BEGIN Data in this exercise

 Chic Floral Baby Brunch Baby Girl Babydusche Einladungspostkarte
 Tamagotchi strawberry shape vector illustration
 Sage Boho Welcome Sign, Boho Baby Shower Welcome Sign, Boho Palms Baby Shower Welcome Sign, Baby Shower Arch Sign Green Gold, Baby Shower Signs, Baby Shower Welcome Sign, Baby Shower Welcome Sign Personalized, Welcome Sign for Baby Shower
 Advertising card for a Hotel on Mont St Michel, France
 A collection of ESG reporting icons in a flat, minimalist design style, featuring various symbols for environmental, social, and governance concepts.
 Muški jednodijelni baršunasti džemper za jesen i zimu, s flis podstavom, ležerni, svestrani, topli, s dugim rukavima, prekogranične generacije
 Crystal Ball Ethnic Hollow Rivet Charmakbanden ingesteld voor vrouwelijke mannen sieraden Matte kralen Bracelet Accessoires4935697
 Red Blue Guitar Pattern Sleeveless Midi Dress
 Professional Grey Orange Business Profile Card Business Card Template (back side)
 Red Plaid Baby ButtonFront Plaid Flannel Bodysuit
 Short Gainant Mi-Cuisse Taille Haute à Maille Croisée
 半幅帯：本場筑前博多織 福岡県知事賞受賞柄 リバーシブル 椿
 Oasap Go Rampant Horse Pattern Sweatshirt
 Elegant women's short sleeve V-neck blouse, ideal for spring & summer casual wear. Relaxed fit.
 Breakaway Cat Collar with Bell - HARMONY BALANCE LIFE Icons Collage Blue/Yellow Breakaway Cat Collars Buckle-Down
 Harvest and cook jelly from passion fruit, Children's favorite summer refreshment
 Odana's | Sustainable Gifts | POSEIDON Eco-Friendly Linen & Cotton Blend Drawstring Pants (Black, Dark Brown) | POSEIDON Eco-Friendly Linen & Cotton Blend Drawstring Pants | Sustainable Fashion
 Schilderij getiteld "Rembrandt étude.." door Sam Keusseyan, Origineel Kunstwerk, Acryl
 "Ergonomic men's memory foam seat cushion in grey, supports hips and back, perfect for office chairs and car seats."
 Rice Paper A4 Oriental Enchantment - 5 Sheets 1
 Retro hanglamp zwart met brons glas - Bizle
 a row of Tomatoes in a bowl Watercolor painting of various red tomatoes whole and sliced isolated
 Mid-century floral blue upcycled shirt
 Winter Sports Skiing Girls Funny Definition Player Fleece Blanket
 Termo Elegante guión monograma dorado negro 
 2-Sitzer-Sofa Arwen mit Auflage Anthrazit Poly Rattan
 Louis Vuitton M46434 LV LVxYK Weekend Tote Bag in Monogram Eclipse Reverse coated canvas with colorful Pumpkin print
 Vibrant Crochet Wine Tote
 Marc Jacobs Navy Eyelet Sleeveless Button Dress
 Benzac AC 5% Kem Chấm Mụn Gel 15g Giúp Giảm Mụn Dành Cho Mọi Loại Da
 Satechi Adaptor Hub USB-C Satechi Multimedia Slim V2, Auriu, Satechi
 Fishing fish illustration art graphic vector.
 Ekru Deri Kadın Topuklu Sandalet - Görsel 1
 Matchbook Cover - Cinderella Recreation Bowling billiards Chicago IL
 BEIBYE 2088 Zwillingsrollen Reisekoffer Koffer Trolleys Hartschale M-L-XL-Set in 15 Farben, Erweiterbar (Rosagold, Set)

END Data in this exercise

▸ **Task brief**:
Only the lines above starting with the one with "A collection of" and going through the one with "Crystal Ball Ethnic" are to be copied, word for word and with both ends kept.

▸ **Solved problem**:
 A collection of ESG reporting icons in a flat, minimalist design style, featuring various symbols for environmental, social, and governance concepts.
 Muški jednodijelni baršunasti džemper za jesen i zimu, s flis podstavom, ležerni, svestrani, topli, s dugim rukavima, prekogranične generacije
 Crystal Ball Ethnic Hollow Rivet Charmakbanden ingesteld voor vrouwelijke mannen sieraden Matte kralen Bracelet Accessoires4935697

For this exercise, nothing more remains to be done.